Handling huge data files in PHP
Archive - Originally posted on "The Horse's Mouth" - 2006-05-04 04:40:57 - Graham EllisI've handled files up to 2 GBytes in size with PHP ... but there are a number of issues to consider.
1. The size of the PHP "footprint" in memory - when you have a huge data file, you cannot simply read it all in with file or file_get_contents (nor with fread, trying to read the file all at once). Rather, you need to iterate through the file in blocks - typically a line at a time (a loop of calls to the fgets function), but I've also worked in 100k blocks.
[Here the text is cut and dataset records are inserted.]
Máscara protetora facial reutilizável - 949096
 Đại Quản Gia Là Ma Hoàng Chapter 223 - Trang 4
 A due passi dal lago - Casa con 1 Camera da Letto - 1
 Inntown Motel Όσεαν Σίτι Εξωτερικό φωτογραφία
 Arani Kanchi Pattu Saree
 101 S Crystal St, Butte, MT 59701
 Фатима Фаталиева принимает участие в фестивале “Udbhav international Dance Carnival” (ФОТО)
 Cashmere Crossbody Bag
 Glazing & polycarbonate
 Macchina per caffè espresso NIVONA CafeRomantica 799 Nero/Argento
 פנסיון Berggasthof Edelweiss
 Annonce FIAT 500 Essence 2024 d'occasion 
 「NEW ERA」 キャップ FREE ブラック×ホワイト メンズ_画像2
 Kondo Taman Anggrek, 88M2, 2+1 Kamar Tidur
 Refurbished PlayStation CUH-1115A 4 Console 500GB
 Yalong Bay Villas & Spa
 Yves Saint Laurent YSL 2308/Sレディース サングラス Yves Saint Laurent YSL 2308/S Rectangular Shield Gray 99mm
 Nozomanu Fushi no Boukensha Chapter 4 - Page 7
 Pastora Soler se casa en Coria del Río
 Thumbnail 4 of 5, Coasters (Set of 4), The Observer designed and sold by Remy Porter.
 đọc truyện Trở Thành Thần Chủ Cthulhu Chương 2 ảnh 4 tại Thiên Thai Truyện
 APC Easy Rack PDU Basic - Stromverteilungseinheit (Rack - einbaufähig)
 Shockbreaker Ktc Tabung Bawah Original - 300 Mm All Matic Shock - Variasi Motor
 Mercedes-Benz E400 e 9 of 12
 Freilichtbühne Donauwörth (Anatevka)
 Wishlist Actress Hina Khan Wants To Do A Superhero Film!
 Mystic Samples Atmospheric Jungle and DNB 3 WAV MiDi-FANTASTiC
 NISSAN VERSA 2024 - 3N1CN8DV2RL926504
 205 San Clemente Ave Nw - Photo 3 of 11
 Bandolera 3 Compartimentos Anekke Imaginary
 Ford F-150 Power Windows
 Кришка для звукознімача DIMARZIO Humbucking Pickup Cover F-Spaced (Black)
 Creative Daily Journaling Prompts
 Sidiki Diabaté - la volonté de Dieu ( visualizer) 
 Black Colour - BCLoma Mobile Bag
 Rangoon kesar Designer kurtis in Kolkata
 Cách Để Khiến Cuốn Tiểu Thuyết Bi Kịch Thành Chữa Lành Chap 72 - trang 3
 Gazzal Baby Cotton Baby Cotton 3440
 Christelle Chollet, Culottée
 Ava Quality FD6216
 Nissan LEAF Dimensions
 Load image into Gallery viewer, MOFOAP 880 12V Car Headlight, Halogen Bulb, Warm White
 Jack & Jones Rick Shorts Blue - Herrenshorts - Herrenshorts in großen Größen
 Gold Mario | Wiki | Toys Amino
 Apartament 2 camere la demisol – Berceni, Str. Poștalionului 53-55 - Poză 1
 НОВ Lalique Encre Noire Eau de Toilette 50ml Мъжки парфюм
2. You are very likely to hit the fierce time limit that PHP imposes to stop a program that's looping infinitely from hogging the server for too long. You can solve that one by increasing the time limit. See the set_time_limit function
3. Browsers will also time out (and users of your page get bored too) if you're not able to give a response quite quickly. Options to solve this include sending out a holding page / update periodically (see the manual page on flush for a discussion of this) and - the way I did it - running my PHP analysis of the huge data file as a command line program rather than through the browser.
Looking at the issue more widely, if you do have a huge data file to handle while your users visit your website, it's an excellent idea to preprocess the data to extract all the information they may need as you load the data onto the server / update it OR if that's not going to work for you, to put the data into a MySQL database which is often a much more efficient way of handling huge data that needs regular analysis on the fly.